[INPUT DATA — start]

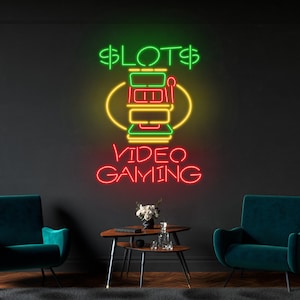 Insegna al neon delle slot machine, luce a led delle slot machine, arredamento del casinò, icone di gioco per casinò, assi di carte da gioco, club di poker e arredamento del casinò
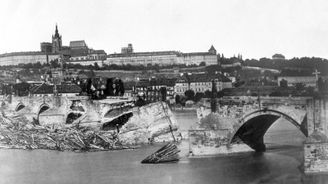 Povodeň, která připravila Prahu o její chloubu. Před 130 lety zničily záplavy Karlův most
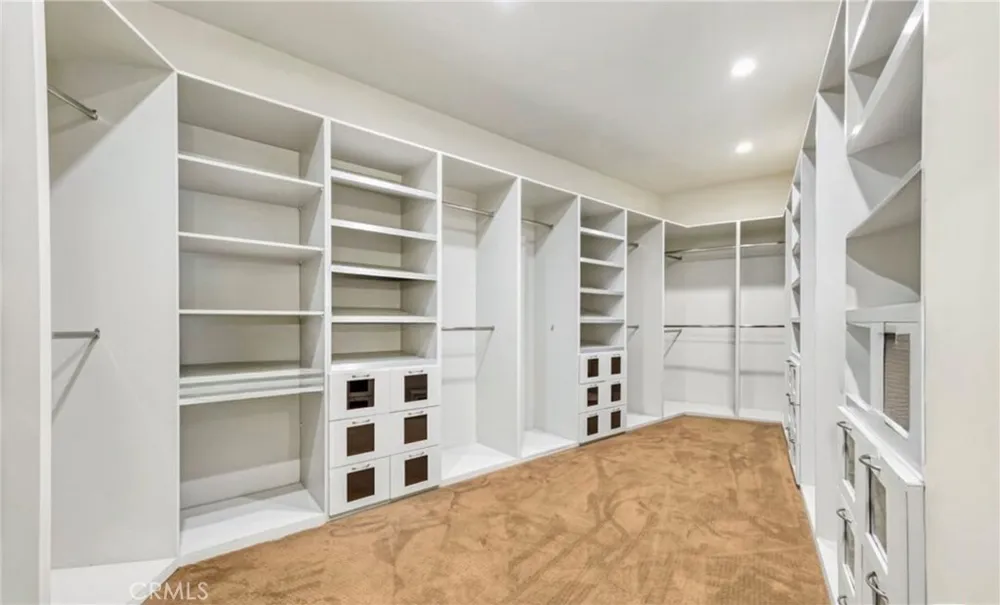 8835 Evanview Los Angeles, CA 90069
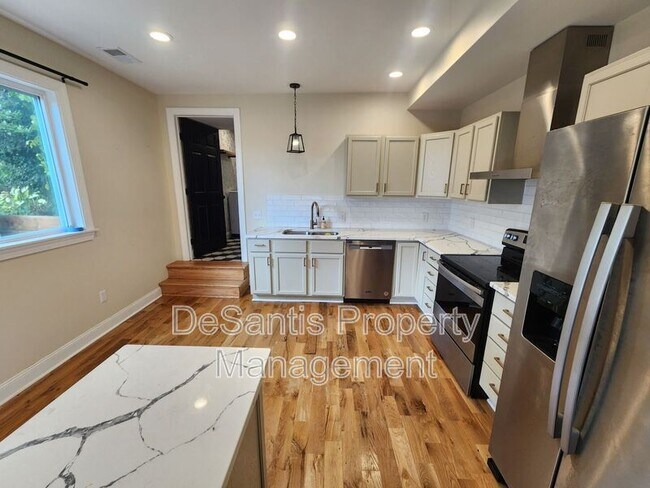 Foto del edificio - 2100 Straubs Ln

[INPUT DATA — finish]

→ THE TASK:
Give back the whole of the material exactly, with the pictures removed.

→ RESPONSE BELOW:
 Insegna al neon delle slot machine, luce a led delle slot machine, arredamento del casinò, icone di gioco per casinò, assi di carte da gioco, club di poker e arredamento del casinò
 Povodeň, která připravila Prahu o její chloubu. Před 130 lety zničily záplavy Karlův most
 8835 Evanview Los Angeles, CA 90069
 Foto del edificio - 2100 Straubs Ln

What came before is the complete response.